Serum Sclerostin level was measured using commercially available enzyme linked immunosorbent assay kits. AAC was assessed using lateral lumbar radiography. Echocardiography was used to assess AVC calcification presence or absence, and we correlated the association between sclerostin levels and vascular calcification.CIMT measured by neck US.
Sclerostin levels among the CKD on HD patients was significantly higher than that of CKD pre-dialysis group which in turn statistically higher than control group .AAC was observed in 16 patients (40 %) in CKD predialysis patients, while in CKD on HD group, 26 patients (65 %) had AAC. AVC was observed in 14 patients (35 %) in CKD predialysis patients, while in CKD on HD group, 21 patients (52.5 %) had AAC. Sclerostin levels were higher in patients with AAC and AVC.
CIMT mean values among the CKD on HD patients were statistically higher than that among the CKD predialysis group which were statistically higher than those among the control group. There was highly significant positive correlation between serum sclerostin level and CIMT.
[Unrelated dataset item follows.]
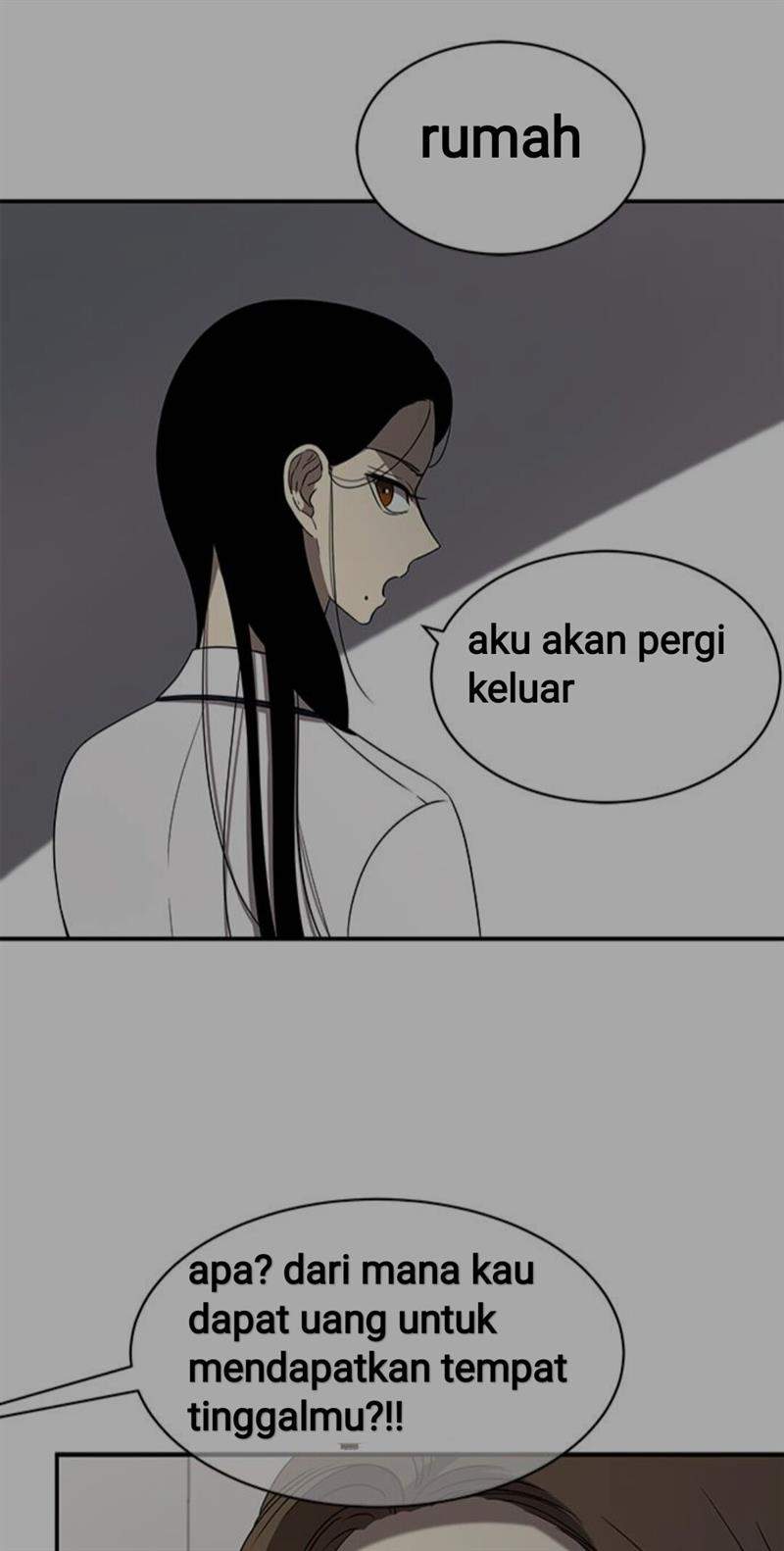 Loop Bab 39 halaman 49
Using Binary regression analysis, Sclerostin was identified as independent predictor for the presence of AAC & AVC in CKD patients and abnormal CIMT.
Serum Sclerostin at a cut off level ≤ 19.60 can detect the presence of Aortic valve calcification by ECHO with 91% sensitivity and 69% specificity.
Serum Sclerostin at a cut off level ≤ 16.95 can detect the presence of abdominal aortic calcification by X ray with 95% sensitivity and 67% specificity.
Serum Sclerostin at a cut off level ≤17.20 can detect the presence of Abnormal CIMT with 79 % sensitivity and 65% specificity.